Tag Archives: escape tunnel

Glastonbury Tor Ultrabeast might be Queen Hamster

Glastonbury Tor visitors are advised to keep peanuts double wrappedFor many years scientists have been mystified by the all-male population of Somerset Stranglers – the breed of hamsters native to Glastonbury Tor. The big question has always been how do they reproduce?

Religious teaching has been that they engage in virgin birth, explaining why so many hamsters are depicted in the stained glass windows of churches in Glastonbury.

Historically the scientific community has not challenged this idea out of respect for the hamster’s right to privacy. Local byelaws make it illegal to film these adorable animals during what might or might not be their mating season.

But the mystery of how Somerset Stranglers reproduce may have finally been answered thanks to recent coppicing of the wooded area on the dangerous north face of the Tor.

Police have received a higher than normal number of reports of a giant creature.

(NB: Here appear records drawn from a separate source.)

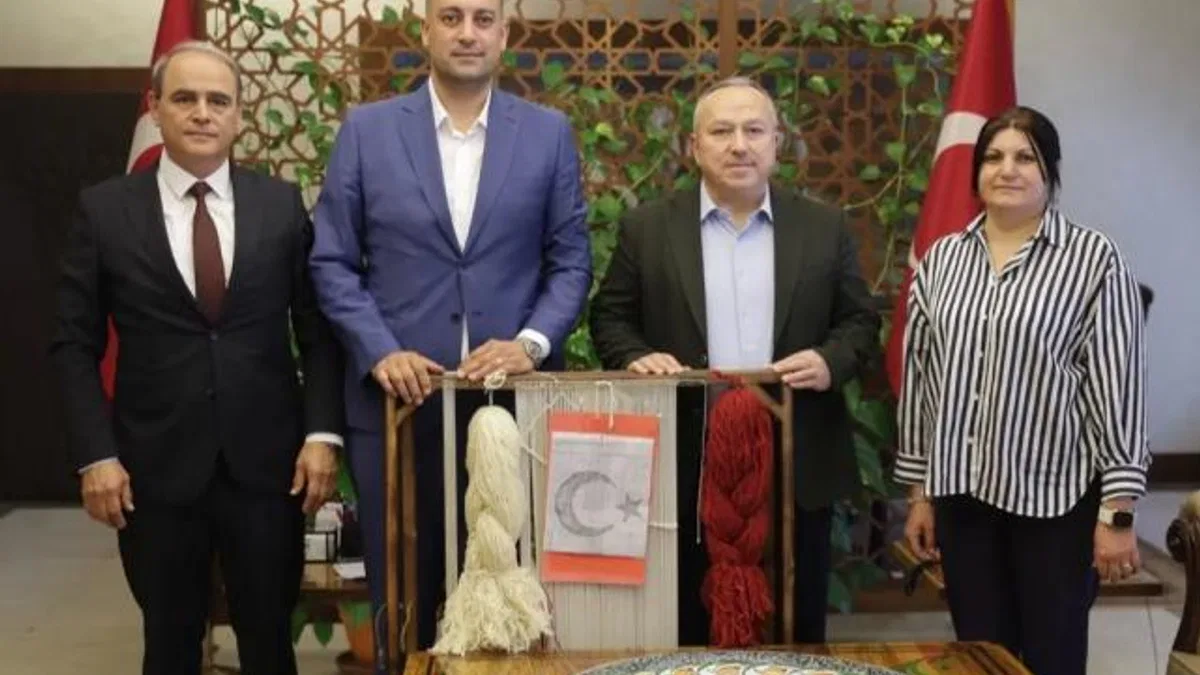 “İlmek İlmek Türkiye”de ilk ilmek Vali Fidan’dan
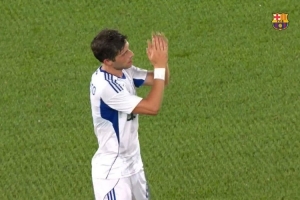 致敬老隊(duì)長(zhǎng)！羅貝托被換下，巴薩球迷為他送上掌聲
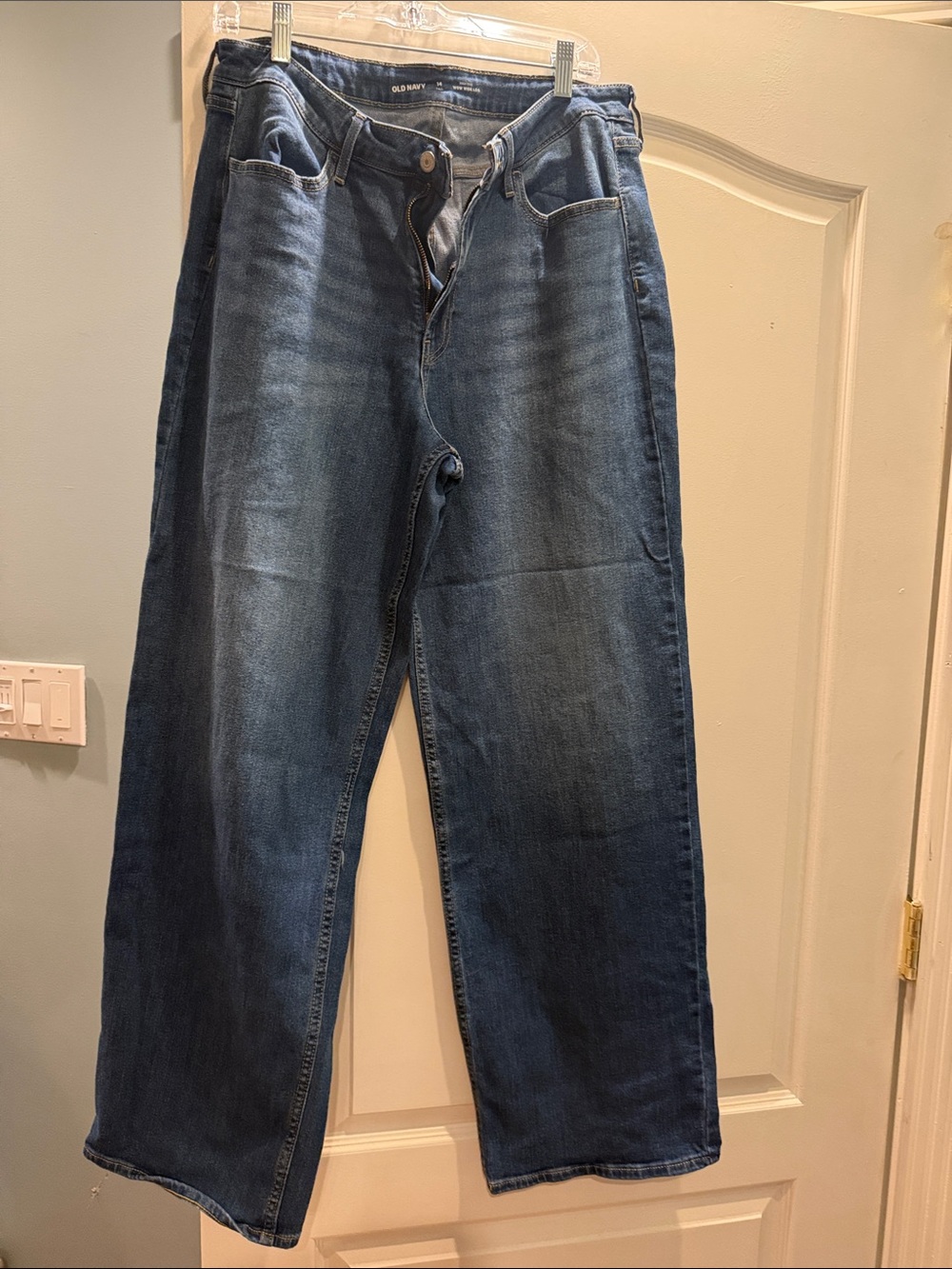 Old Navy Wide-Leg Jeans in Medium Dark Blue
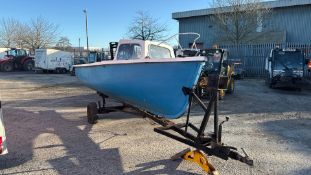 SMALL BOAT & TRAILER *FLAT TYRES*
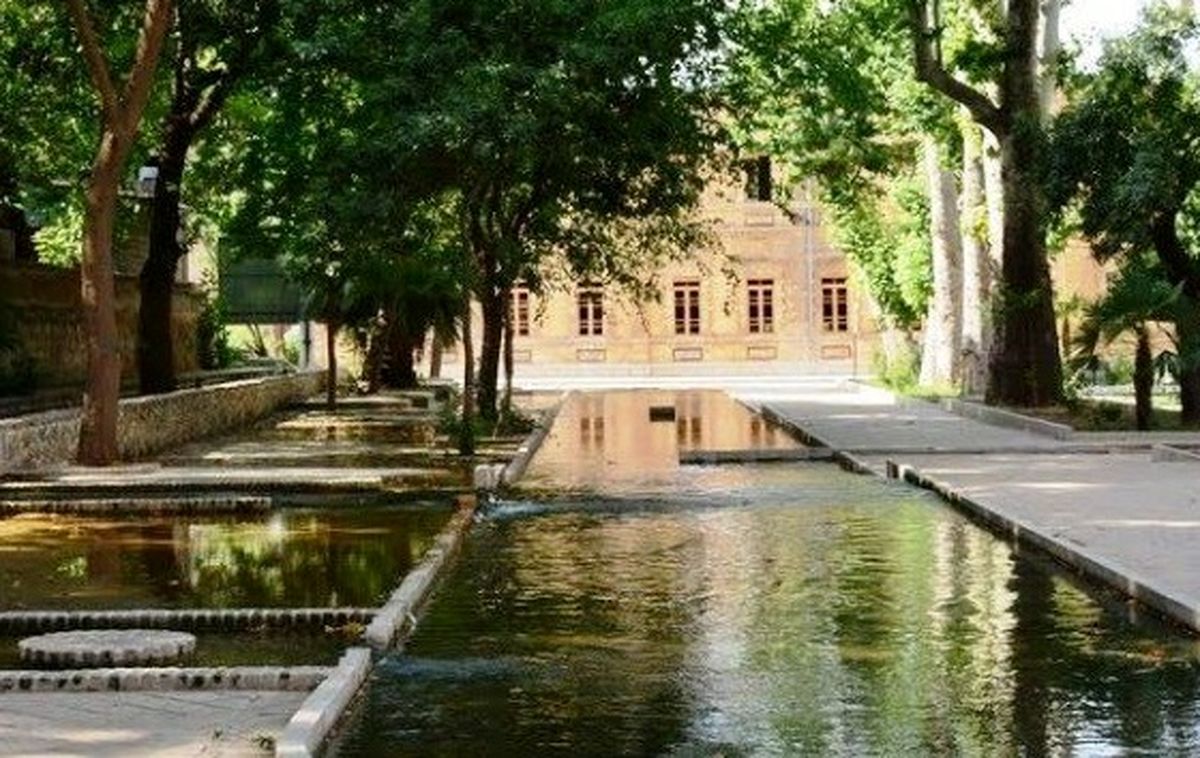 آجر فرش قدیمی باغ گلستان خرم‌آباد کشف شد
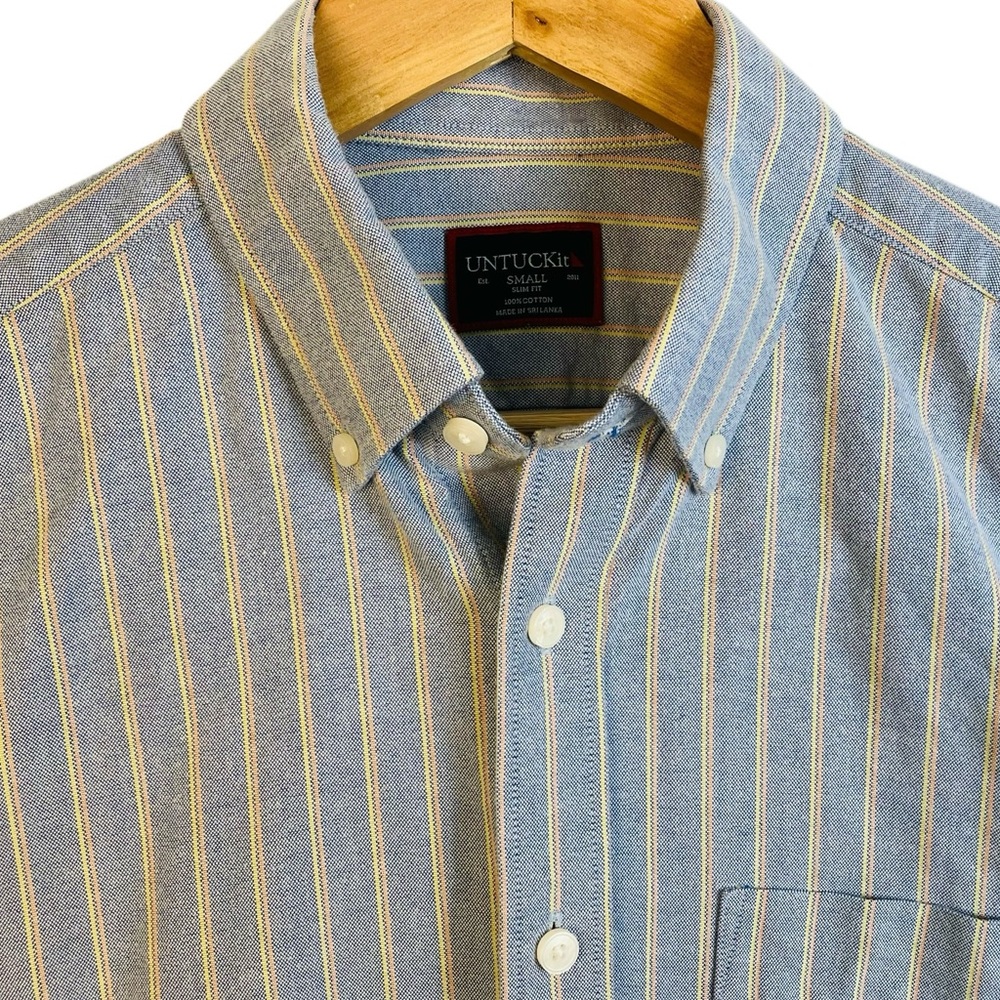 UNTUCKit Long Sleeve Button Down Shirt Men's Small Slim Fit Striped Light Blue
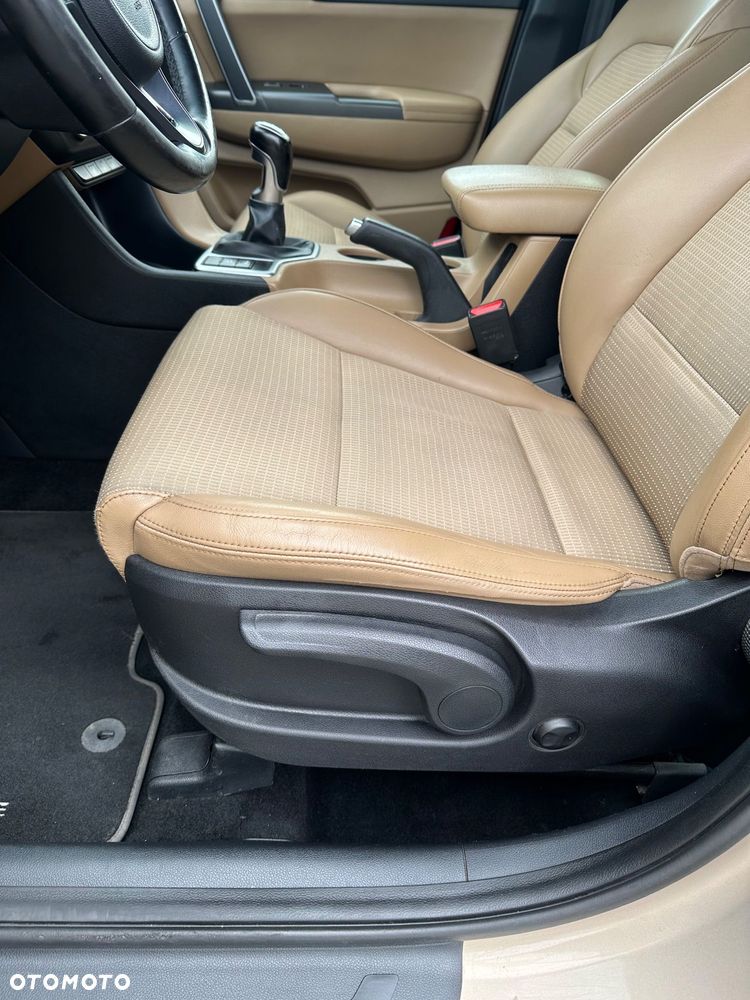 Kia Sportage 1.6 GDI Business Line 2WD - 24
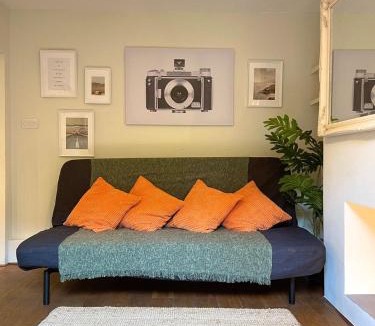 Tollington Apartment | Charming Garden Apartment | Near Emirates Stadium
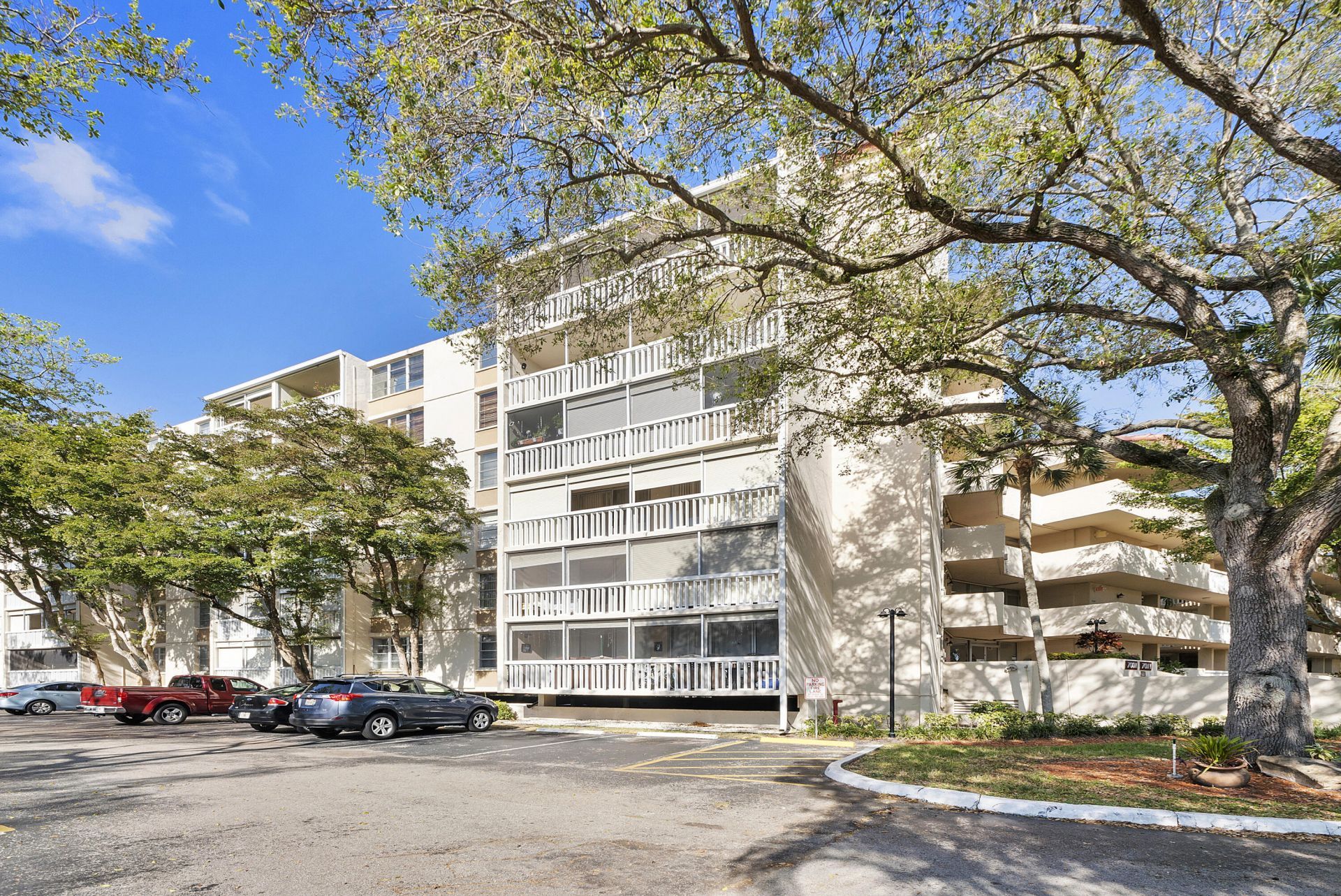 7001 Environ Boulevard, Unit 401, Lauderhill, FL 33319 Photo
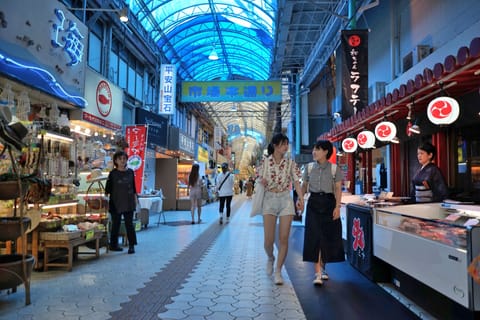 Shopping mall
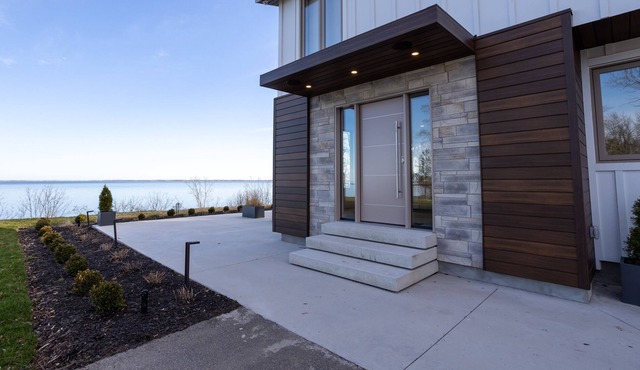 Lakeside Family Villa with views of Lake Erie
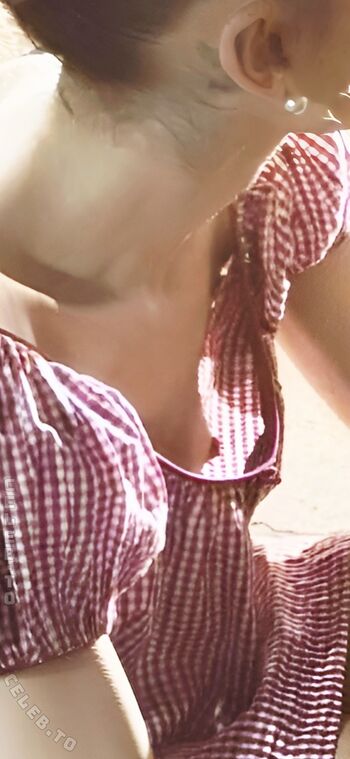 Ariana grande  page leaked private photo uncensored HD quality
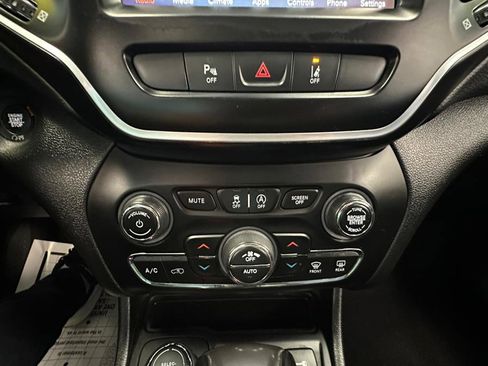 Used 2021 Jeep Cherokee Latitude Lux w/ Sun & Sound Group image 48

Nervous villagers have responded in the traditional way by screaming “Ultrabeast!” as they run home, lock their front door and hide behind the sofa. But a new generation of visitors to Glastonbury have been able to give police a description.

Chief Inspector Wilkinson of the Glastonbury constabulary explains: “Over the last week we have received dozens of calls from ramblers warning of an unexplained creature that roams Glastonbury Tor. Estimates put it at somewhere around twelve feet tall, and bright white in colour. But the clue that makes us think it might be a Somerset Strangler is that so many independent witnesses have described it as having adorably weak forearms. There is only one creature I know of matching that description.”

Wilkinson continues: “The guys in forensics think it may be a rare queen hamster that used to live in the tunnels beneath Glastonbury Tor, and was forced from its natural habitat when the prisoners at St Michael’s Prison dug their escape tunnel and delved too deep. It may now have gone to dwell in the woods on the north face of the Tor, and the coppicing has left it without a home.”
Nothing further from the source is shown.